Simply, forging a strong relationship boils down to spending quality time together. That takes on many forms, depending on your interests and physical abilities. But what you do matters much less than the act of doing it together. Still feeling stuck? Here are some examples to get you started.
Teach by Example
Okay, this first one isn’t really a concrete example of an activity, but it’s important nonetheless. If you want to raise a daughter who is respectful and confident, model that behavior yourself. Compliment the women in your life, actively discourage criticizing others, and treat everyone with graciousness and respect. Your child is always watching and, by extension, always learning.
Go on Vacation
If you can swing it, consider a daddy-daughter only vacation. Even just a night away can really help—eliminating the day-to-day distractions allows you to focus on the most important thing: your relationship. When deciding where to go and what to do, why not ask your daughter? Pick something that is meaningful for her, and you’ll win her heart.
Find a Hobby
What activity could you and your daughter do together? A pottery class? Parkour lessons? Book club? Think about her interests, and find something local that you can enjoy together. Bonus points for activities that require teamwork or communication.
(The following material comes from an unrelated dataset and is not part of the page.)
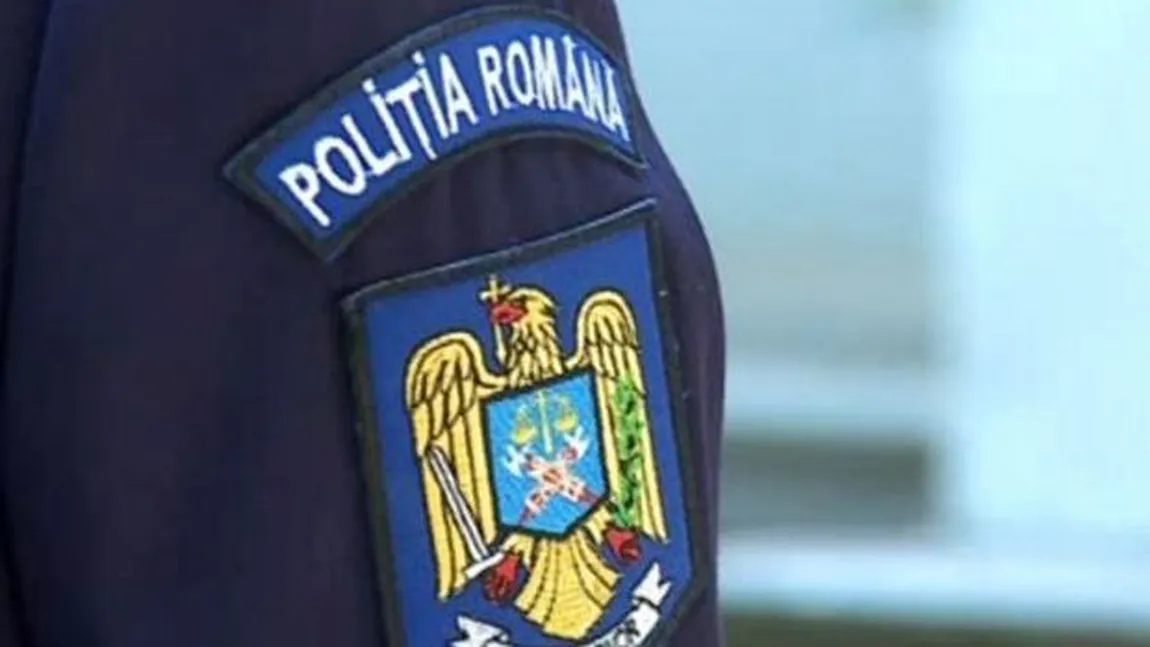 Poliţist CERCETAT după ce a împuşcat din greşeală CALUL unui hoţ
In truth, you don’t need fancy vacations or expensive hobbies. You just need to be present. When she’s an infant, take care of her physical needs. Play with her. Insist that your partner get out of the house for a bit while you look after your little one. When she moves into tween/teendom, make a point of having conversations with her. Be interested in her life, know who her friends are. Notice behavior changes. Be open and approachable. By just being there, you are making a world of difference.
You can also fill this role for other people in your life. Have a niece, stepdaughter, granddaughter who could benefit from more strong adults in their lives? Not all families are structured with one mom and one dad, and life isn’t always packaged with such a neat little bow. Look for opportunities to strengthen and empower the women around you. You’ll never regret it.